On 3/28/2017 6:58 PM, Nico Williams wrote:
> On Tue, Mar 28, 2017 at 05:15:58PM -0700, Joe Touch wrote:
>>>> time_t does not access a SI reference or frankly any other stable reference.
>>> The Open Group man pages I'm looking at don't reference SI, but so
>>> bloody what.  If it says "seconds", it means "seconds".
>> That's the trouble - seconds in SI are not seconds defined as 86400/day.
>> If the units don't match,  then a conversion needs to be included. If
>> the units aren't known, you can't convert accurately.
> POSIX does NOT define seconds in terms of days!  It does the opposite:
>
> http://pubs.opengroup.org/onlinepubs/9699919799/basedefs/V1_chap04.html#tag_04_16
>
>     How any changes to the value of seconds since the Epoch are made to
>     align to a desired relationship with the current actual time is
>     implementation-defined. As represented in seconds since the Epoch,
>     each and every day shall be accounted for by exactly 86400 seconds. 
>
> There is NO reference to solar or sidereal days or any other
> astronomical definition of day.
OK - we agree that it defines "day" = 86400 "seconds".

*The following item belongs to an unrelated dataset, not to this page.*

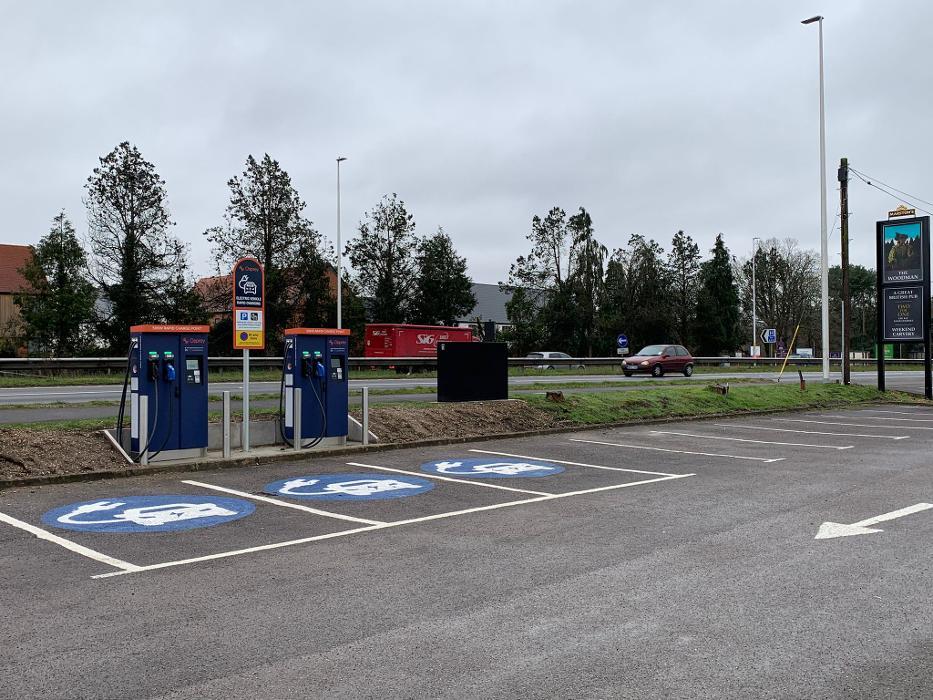 Osprey Charging Station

It should be clear that it also never defines either "day" or "seconds".

"Seconds" can't be SI units unless there's a tiny cesium clock inside my
PC. "day" can't be apparent or mean solar time because it doesn't have a
sextant either.

> Unlike as with days, there is no multiplicity of generally accepted
> definitions of seconds, so there is no support for the idea that this
> text defines seconds in terms of days.
>
> The second sentence defines days in terms of seconds, not the other way
> around.
>
> The first sentence is a bit abstruse, but no matter, because in
> _practice_ on all systems I know of that claim to implement POSIX, or
> which don't but which are Unix or Unix-like systems, seconds since the
> epoch differs from UTC *only* by leap seconds -- just like TAI.
The text only states that the POSIX clock *started* with a known offset
to TAI and that the POSIX clock won't jump with leap seconds.

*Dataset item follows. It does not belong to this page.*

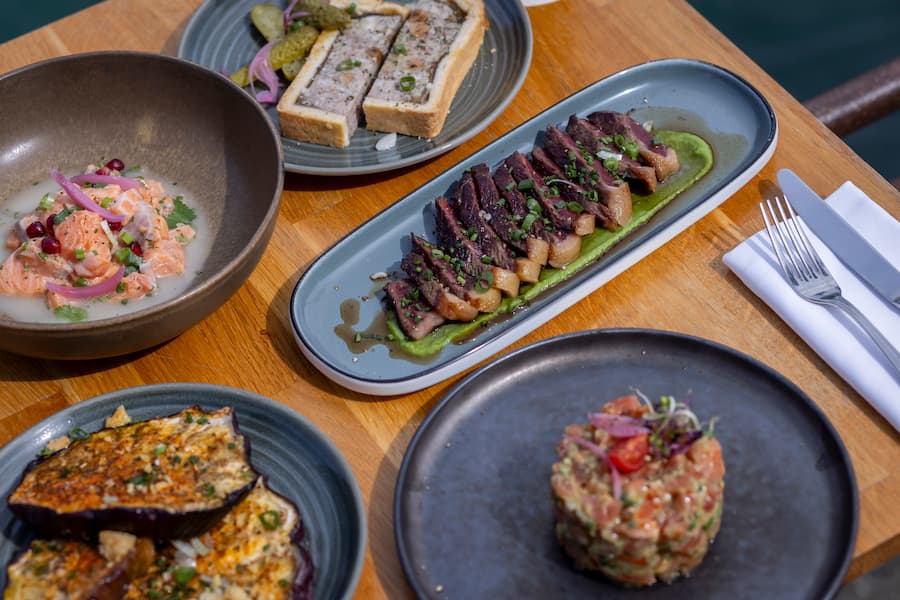 Grimbergen Le 23 Genève Mathieu de Changy et le chef Loïc Magnier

It never states anything else...

> ...
> POSIX seconds are not defined, indeed, but they can only be taken to be
> SI seconds -- anything else would be sheer madness and, anyways, not
> supported by actual practice.  I know of no POSIX or POSIX-ish system
> where this is not true.

I know of no POSIX system with a cesium atomic clock.

The issue is that POSIX really runs off of whatever local source of time
passage is available, and can (and does) drift from TAI on *each*
system. That drift can't be determined until your system tries to sync
with an external source (e.g., via NTP).